2. It confers authority upon its members to speak confidently yet prudently to an erring brother. It will never be known in this world how many dear brethren have been saved from temporal and spiritual ruin by whispered counsel, sympathetic warning and proffered aid. The written and unwritten annals of the Order are full of illustrations of this fact.
3. Masonry possesses an universal language, understood in all countries, by all nationalities, of many tongues, and of all monotheistic creeds. That language is understood as well in the night season, as by day. The deaf, dumb and blind can use it, as Masons can communicate with one another as long as they possess the sense of hearing, seeing, feeling, or speaking; so that it is strictly true, that Masons can communicate without seeing one another, or hearing one another, or feeling one another, or speaking a word; either in the day time or night season, though of course one of these faculties must necessarily be used.
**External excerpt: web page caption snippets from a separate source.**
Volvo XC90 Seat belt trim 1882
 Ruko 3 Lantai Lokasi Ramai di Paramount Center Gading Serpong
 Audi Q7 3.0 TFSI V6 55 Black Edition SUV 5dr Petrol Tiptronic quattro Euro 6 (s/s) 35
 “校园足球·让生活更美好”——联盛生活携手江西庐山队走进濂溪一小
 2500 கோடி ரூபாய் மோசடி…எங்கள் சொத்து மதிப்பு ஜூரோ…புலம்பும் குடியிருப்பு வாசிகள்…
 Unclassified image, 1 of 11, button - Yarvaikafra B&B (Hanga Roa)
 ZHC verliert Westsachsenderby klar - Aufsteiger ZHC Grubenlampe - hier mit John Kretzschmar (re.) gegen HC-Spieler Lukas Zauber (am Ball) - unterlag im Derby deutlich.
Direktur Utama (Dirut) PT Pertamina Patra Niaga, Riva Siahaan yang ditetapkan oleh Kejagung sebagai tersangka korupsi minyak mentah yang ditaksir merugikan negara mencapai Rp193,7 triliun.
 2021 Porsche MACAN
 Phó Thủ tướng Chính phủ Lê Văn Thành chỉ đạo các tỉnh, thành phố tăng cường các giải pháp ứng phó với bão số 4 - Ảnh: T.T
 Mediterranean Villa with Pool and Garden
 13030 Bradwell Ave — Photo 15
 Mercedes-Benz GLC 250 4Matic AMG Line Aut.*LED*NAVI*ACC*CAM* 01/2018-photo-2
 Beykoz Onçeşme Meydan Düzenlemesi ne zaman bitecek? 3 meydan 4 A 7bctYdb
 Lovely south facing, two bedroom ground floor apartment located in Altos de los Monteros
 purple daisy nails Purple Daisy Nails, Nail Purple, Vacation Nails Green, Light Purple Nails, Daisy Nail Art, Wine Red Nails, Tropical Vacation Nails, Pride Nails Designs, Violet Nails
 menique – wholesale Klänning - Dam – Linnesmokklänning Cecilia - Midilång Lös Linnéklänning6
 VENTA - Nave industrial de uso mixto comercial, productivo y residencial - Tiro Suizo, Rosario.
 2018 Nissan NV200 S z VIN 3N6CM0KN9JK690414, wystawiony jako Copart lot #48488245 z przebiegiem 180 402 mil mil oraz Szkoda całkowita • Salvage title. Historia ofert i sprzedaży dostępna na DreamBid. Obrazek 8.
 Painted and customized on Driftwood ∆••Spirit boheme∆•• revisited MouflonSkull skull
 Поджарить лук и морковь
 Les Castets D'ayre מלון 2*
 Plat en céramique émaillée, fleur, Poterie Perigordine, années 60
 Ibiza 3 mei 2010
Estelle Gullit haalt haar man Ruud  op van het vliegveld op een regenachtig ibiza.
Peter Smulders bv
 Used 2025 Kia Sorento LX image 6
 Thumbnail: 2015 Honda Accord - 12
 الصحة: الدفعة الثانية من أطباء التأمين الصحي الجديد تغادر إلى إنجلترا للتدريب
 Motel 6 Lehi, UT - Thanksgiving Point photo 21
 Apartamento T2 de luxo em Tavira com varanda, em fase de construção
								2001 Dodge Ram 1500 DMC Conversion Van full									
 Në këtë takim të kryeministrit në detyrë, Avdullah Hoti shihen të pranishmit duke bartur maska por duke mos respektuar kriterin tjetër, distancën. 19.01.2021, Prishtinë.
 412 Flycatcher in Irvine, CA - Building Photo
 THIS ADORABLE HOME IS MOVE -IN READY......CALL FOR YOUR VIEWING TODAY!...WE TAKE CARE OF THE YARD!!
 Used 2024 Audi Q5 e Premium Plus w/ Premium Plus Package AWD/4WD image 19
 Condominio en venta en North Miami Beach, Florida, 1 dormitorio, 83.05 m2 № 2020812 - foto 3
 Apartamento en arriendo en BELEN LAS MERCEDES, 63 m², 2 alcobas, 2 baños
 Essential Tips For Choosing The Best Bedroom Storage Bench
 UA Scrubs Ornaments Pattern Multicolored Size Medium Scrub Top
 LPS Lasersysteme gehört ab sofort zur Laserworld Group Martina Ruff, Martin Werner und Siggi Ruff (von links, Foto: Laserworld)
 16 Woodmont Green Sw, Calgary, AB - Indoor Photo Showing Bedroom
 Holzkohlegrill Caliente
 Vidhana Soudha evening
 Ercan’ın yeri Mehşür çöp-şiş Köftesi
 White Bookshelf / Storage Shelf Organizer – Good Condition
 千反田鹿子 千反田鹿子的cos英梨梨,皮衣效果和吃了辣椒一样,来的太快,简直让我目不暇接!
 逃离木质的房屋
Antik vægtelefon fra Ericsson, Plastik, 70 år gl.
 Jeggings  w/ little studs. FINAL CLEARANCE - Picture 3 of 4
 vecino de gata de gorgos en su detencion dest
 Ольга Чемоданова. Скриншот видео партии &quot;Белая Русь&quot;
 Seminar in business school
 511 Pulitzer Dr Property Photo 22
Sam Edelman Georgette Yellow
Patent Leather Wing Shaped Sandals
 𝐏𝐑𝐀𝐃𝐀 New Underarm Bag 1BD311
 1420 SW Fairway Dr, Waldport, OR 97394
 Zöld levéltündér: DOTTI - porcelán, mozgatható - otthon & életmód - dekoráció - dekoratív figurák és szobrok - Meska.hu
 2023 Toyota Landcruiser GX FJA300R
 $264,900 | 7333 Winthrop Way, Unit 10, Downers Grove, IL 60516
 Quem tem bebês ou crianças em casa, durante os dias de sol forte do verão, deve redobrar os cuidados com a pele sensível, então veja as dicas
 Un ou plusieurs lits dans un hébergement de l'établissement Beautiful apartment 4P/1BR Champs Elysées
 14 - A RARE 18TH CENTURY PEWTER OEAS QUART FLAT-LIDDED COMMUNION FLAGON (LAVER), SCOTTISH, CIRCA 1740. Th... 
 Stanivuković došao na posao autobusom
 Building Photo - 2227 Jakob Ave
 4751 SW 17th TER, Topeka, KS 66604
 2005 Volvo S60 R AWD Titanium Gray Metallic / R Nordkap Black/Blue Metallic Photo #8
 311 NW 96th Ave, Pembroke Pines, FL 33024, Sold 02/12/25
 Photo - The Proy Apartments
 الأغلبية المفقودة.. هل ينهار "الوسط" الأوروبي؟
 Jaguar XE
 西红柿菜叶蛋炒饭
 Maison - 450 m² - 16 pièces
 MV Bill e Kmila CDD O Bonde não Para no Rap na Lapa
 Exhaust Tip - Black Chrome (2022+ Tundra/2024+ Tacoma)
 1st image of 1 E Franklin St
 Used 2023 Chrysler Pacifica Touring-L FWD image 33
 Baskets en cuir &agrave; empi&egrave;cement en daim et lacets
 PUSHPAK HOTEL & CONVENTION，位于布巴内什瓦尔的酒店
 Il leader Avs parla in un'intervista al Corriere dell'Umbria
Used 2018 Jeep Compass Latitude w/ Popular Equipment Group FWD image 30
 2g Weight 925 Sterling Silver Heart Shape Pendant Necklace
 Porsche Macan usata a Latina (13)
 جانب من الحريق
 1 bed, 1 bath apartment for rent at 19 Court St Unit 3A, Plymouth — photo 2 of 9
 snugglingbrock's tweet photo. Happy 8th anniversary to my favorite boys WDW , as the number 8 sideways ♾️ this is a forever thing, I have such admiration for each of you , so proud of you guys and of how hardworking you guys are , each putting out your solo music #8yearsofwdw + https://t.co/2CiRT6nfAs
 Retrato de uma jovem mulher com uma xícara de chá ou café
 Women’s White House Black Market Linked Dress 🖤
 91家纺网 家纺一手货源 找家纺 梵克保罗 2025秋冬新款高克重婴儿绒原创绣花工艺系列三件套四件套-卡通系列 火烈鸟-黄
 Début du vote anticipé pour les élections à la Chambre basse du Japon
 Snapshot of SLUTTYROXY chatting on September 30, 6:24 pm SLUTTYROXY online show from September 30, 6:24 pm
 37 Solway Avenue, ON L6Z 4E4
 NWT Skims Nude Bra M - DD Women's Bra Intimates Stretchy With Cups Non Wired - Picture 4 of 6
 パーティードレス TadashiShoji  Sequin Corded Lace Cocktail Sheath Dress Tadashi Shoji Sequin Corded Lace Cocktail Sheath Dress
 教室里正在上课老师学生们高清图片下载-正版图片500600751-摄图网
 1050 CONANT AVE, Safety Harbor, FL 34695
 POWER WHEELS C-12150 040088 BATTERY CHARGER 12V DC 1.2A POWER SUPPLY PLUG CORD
There is nothing like this wonderful language for universality, so that amid all the vicissitudes of human life, the Mason feels that only one word of Masonic language is sufficient to call to his aid the good offices of brethren near and dear to his heart.
4. It gives men, irrespective of paltry considerations, a code of life principles, intensifying the noble aspirations. It makes them cosmopolitan, breaking down the petty barriers of country, state, county, town, sect, set, profession, business, family and wealth. The highest of titles is Brother-no other can take its place. The talents of a hod-carrier may place him in the chair. A Grand Master of Ireland, many years ago, the Duke of Leicester, boasted of having risen through every grade, from that of Junior Deacon to the throne of Grand Master. The late President Roosevelt often sat in his Lodge, over which his gardener presided as Master.
5. It unites men in a common work for a common good, as broad and catholic as mankind. It teaches men that sects, parties and side issues never could influence beyond the bounds of petty associations. It sternly refuses to proselytise, as it wants no material untried. If mankind be unworthy of such a beneficent institution, it can wait. It has taken centuries for mankind to arrive at its present state of imperfect moral life; perhaps the time may come when the whole earth shall have become one great Lodge, the ideal of Masonry. Then there will be one government, one faith, one brotherhood, one nation, all brethren, because all the children of the Holy, Blessed and Glorious Supreme Architect of the Universe.